In this question someone was having a layout problem because they had two floated divs inside a non-floated div. I suggested adding float: left to their outer div, which does fix the problem. Someone else suggested adding overflow: hidden, which to my surprise, also worked.

This doesn't seem at all like the purpose of of overflow: hidden. Clearly overflow: hidden causes elements to view their children differently somehow. What I'm really trying to understand is what that difference is. Intuitively it should only make the element smaller than it would otherwise be, never bigger and I don't see why it would affect the layout hierarchy.

Can explain why this would be correct/necessary behavior or if this is just a browser quirk? Is their another facet to the overflow property I'm missing? Is either solution any better than the other?

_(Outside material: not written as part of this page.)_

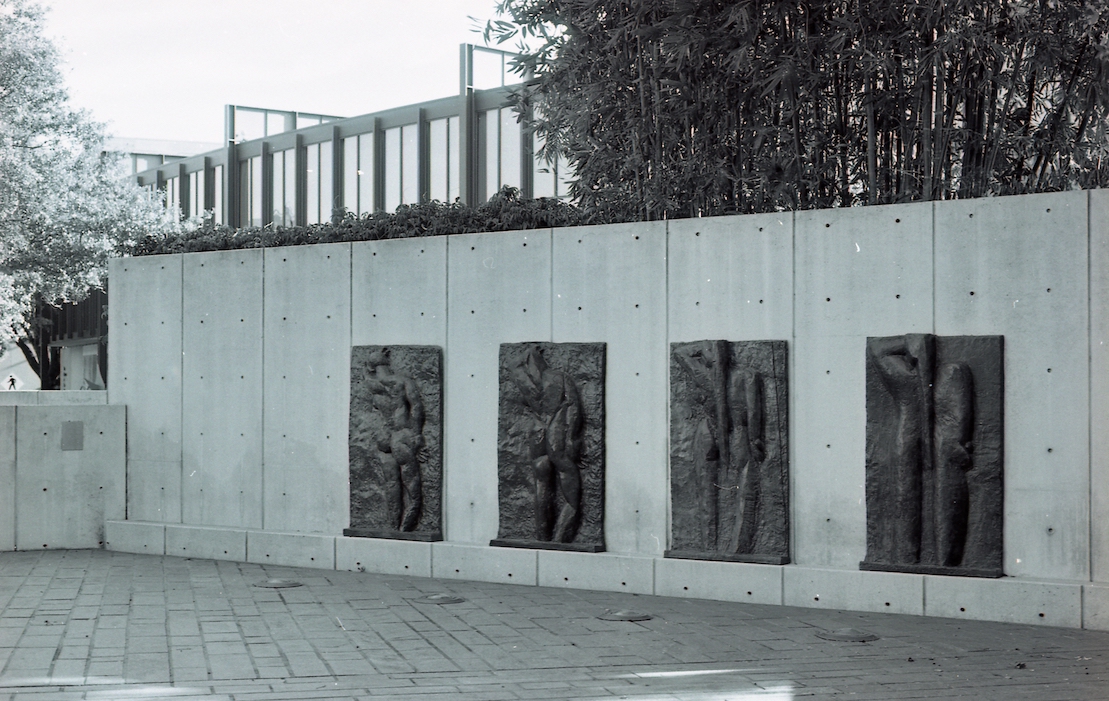 4 Matisse Bronze Panels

Edit: I've discovered setting overflow: auto works too, so it doesn't seem to be the value of overflow that's important, just that it's set. I still don't understand why.

A: 

Floating items removes them from the normal layout in many cases. It's not exactly like or unlike position: absolute; in that. Block items tend to ignore floated items (including block items that contain the item), but unlike position: absolute; items, floated ones are recognized and wrapped around by inline items, like text.

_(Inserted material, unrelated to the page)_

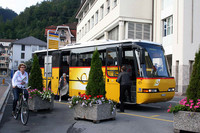 スイスのポストアウト。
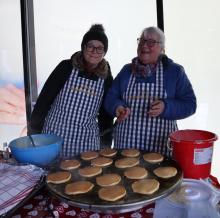 Hilde og Peggy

Having the wrapping item (div or otherwise) also be floated causes it to behave differently related to floated items it contains. Having the wrapping item set to overflow: hidden; forces it to consider the items it contains differently, as well. My guess is it's just a happy coincidence that the end result here appears to be the same. Not a quirk or bug... just how it works out.

Andrew Barber
I appreciate your answer, I'm just hoping someone can better explain what the difference is that results in this behavior.
bemace
I actually hope so, too; I'd like to know more exactly why that is. In fact, I was going to enter my info as a comment, not an answer, but I knew it would be too long to really fit as a comment. :P
Andrew Barber
+2  A: 

Overflow of anything but visible creates a new block formatting context which causes floats to be contained. It's standard behaviour.

Floats, absolutely positioned elements, inline-blocks, table-cells, table-captions, and elements with 'overflow' other than 'visible' (except when that value has been propagated to the viewport) establish new block formatting contexts.

In a block formatting context, boxes are laid out one after the other, vertically, beginning at the top of a containing block. The vertical distance between two sibling boxes is determined by the 'margin' properties. Vertical margins between adjacent block boxes in a block formatting context collapse.

In a block formatting context, each box's left outer edge touches the left edge of the containing block (for right-to-left formatting, right edges touch). This is true even in the presence of floats (although a box's line boxes may shrink due to the floats), unless the box establishes a new block formatting context (in which case the box itself may become narrower due to the floats).

meder
Just to be completely clear, do you mean 'standard' in that all browsers do it, or that's is a required part of implementing the overflow setting?
bemace
@bemace - its part of the spec. IE6 doesnt comply. IE7+ does. Rest of the browsers do.